In American History Unbound, Okihiro offers a rewrite of that standard narrative:
The term Asian American was invented in the late 1960s, for the purposes of political solidarity and mobilization. Asians living in America determined that a shared history of Orientalism and oppression united them and that by organizing as a group named by Europeans, they could counter white supremacy more effectively. Following the Italian Marxist Antonio Gramsci, the literary critic Gayatri Spivak has named that argument strategic essentialism, or a temporary strategy pursued in a war of positions. Readers should think of categories such as Asian Americans and Pacific Islanders as temporary contrivances in the struggle against oppression—as contextual, relational, and impermanent.
Asian American is an elastic term. When first used, it referred principally, if not exclusively, to Chinese and Japanese. Some of the founding figures in the emerging field of Asian American studies insisted that it applied only to those born in the United States and not to the migrant generation born in Asia. Gradually, through the initiatives of the neglected ethnicities, it grew to embrace Koreans, Filipinos, and other Southeast Asians, along with South Asians and, most recently, West Asians, such as those from Iran, Iraq, Saudi Arabia, and Turkey…

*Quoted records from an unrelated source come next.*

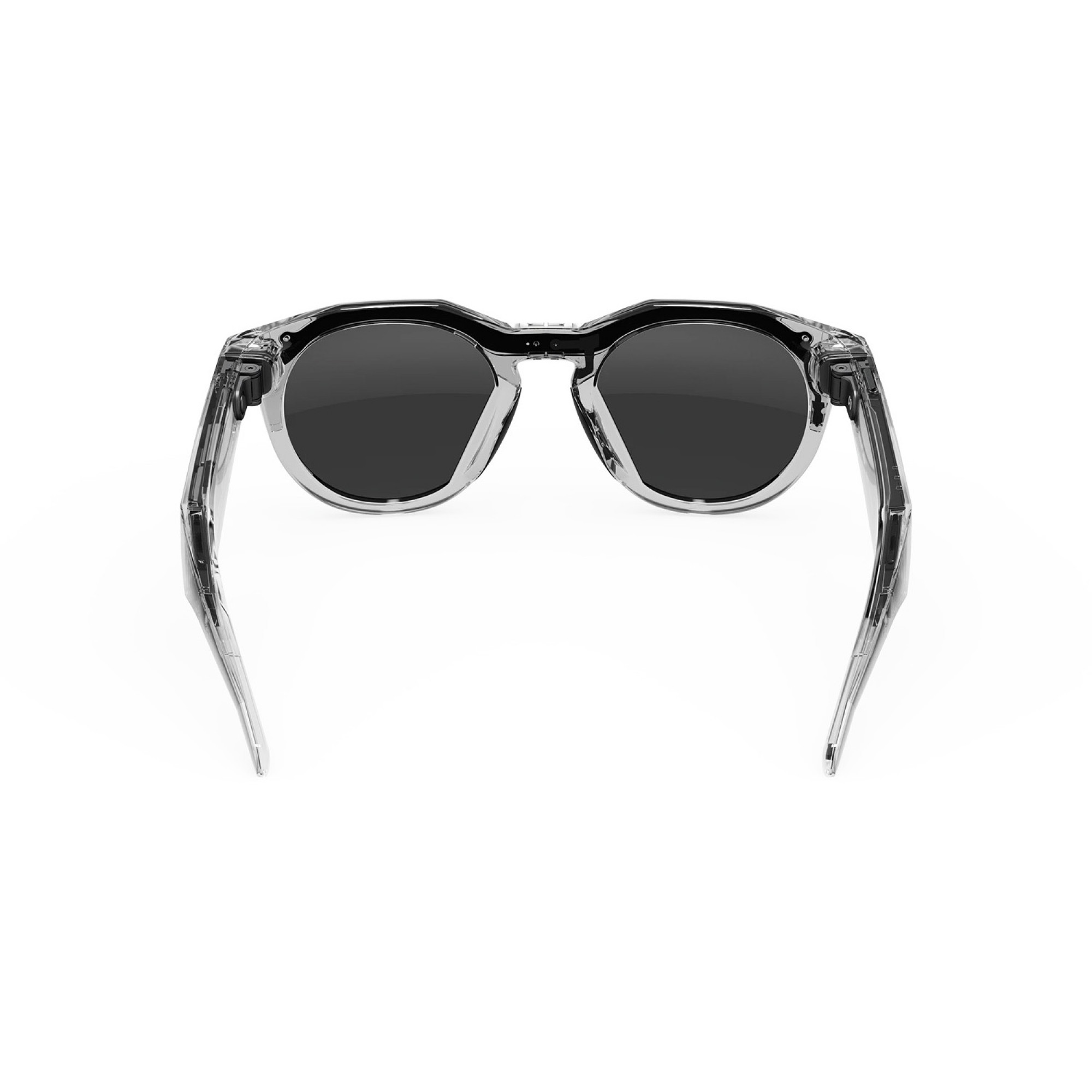 Смарт-очки Oakley Meta HSTN Clear Lens color: Clear to Grey Transitions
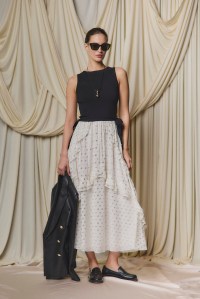 Derek Lam 10 Crosby Fall 2025 Ready-to-Wear Collection at New York Fashion Week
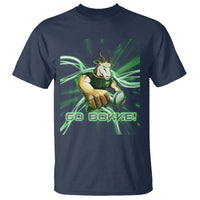 South Africa Rugby T Shirt Go Bokke Springboks Forever Stronger Together - Wonder Print Shop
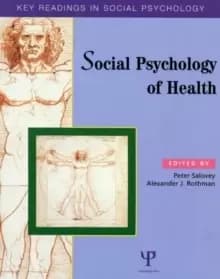 Social Psychology of Health : Key Readings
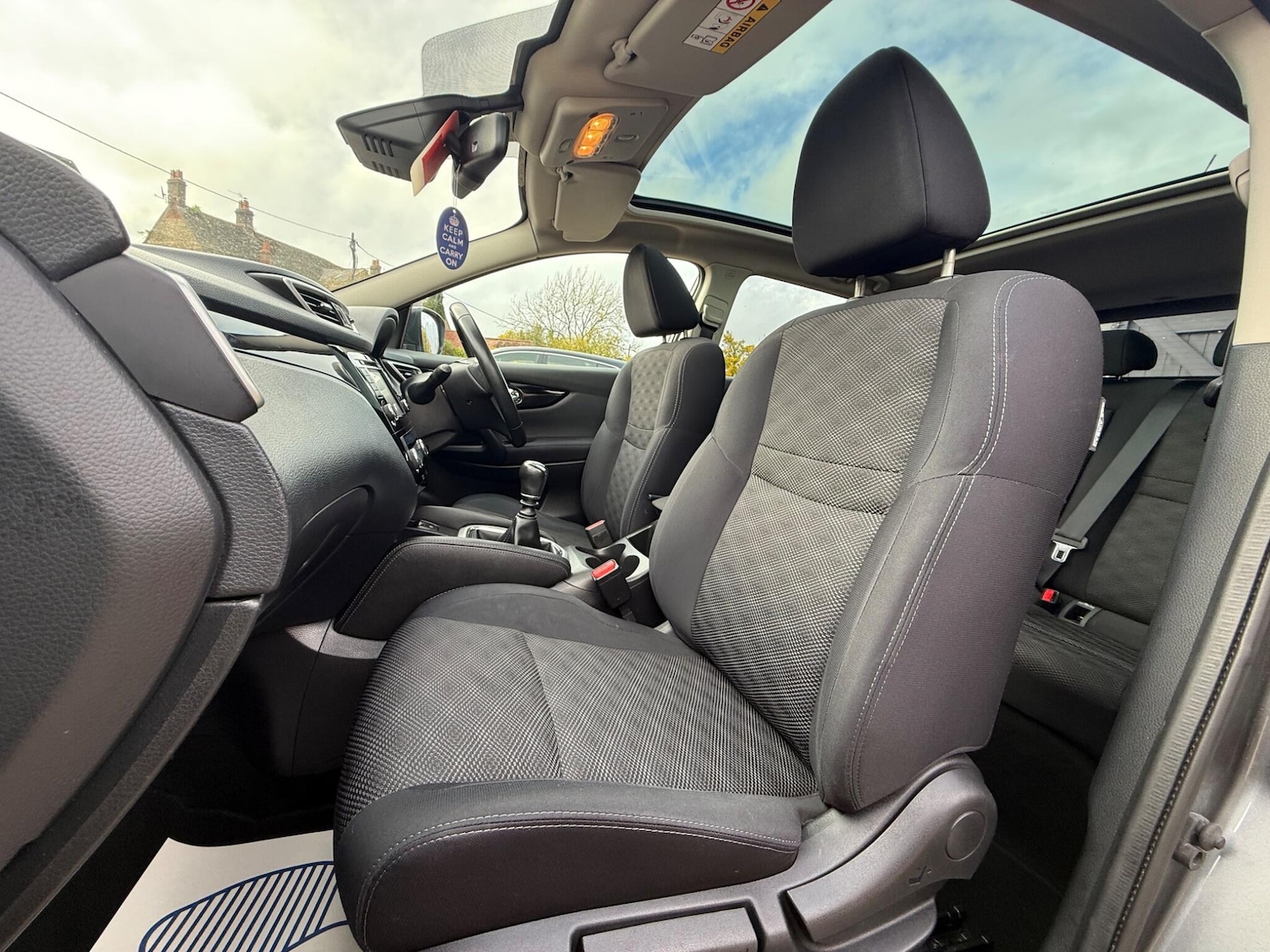 Used Nissan Qashqai 2015 for sale - 75415426: Photo 51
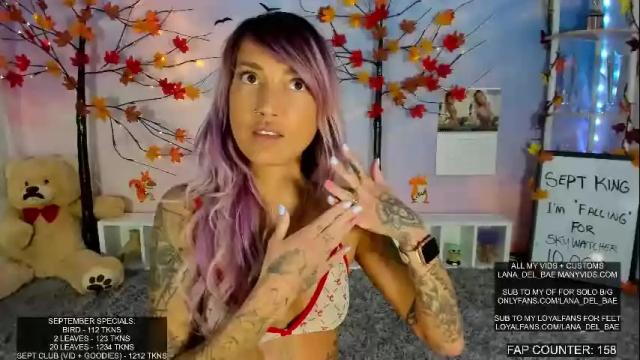 Image 11 of lana_del_bae Stream on Chaturbate on 1 month ago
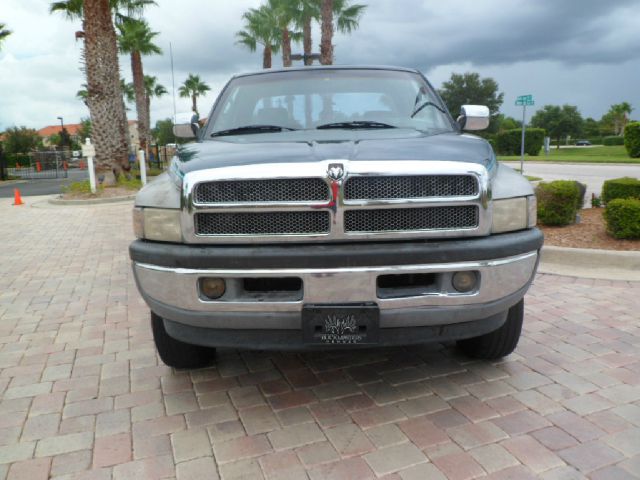 1997 Dodge Ram 1500 Performance AWD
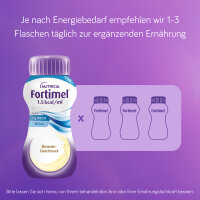 Fortimel 1.5 kcal/ml Banane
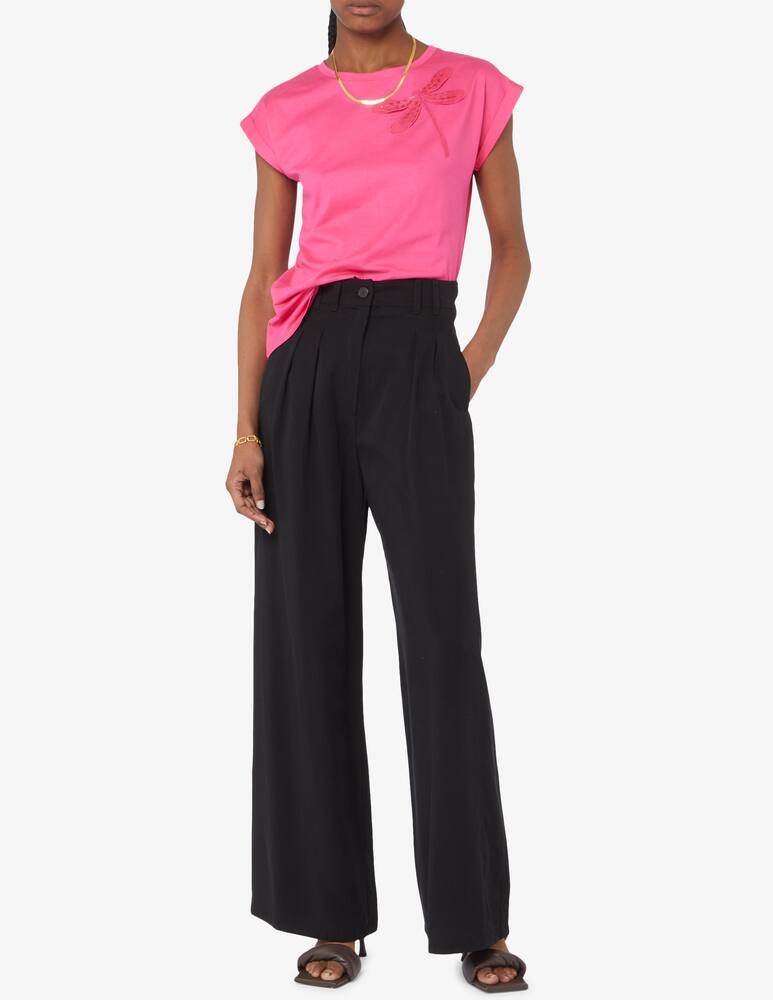 rinascente PENNYBLACK T-shirt in cotone Orgoglio - Rosa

…The standard narrative of Asian American history begins with Asians, mainly Chinese, immigrating to California to escape poverty and political repression and in search of new opportunities, not unlike Europeans in the transatlantic circuit of uprooting and transplantation. Writing against this version of Asian American history, I maintain that Asians did not go to America; Americans went to Asia. I thus situate this telling within the expansion of European imperialism. The presence of Asians in America and Pacific Islanders within the U.S. orbit is a consequence of that expansion. Further, Pacific Islanders and Asians did not migrate for the same reasons as many Europeans, who were pushed by necessity and pulled by opportunities. Rather, Europe and the United States recruited Pacific Islanders and Asians as migrant laborers in the global traffic of goods and labor. Pacific Islanders, additionally, lost their lands, waters, and sovereignty to the imperial order….
…American History Unbound emerges from but also rewrites the standard narratives of nation. Through their struggles for sovereignty and the full rights of citizenship and membership, Asians, Pacific Islanders, and indeed all peoples of color in the United States, despite their discursive and material “minority” status, have transformed, and revolutionized, the nation. In that sense, American history from the fringes of the national consciousness reveals and clarifies the nation’s past and promise of equality in their fullness and entirety.
A survey of U.S. history from its beginnings to the present, American History Unbound reveals our past through the lens of Asian American and Pacific Islander history. In so doing, it is a work of both history and anti-history, a narrative that fundamentally transforms and deepens our understanding of the United States.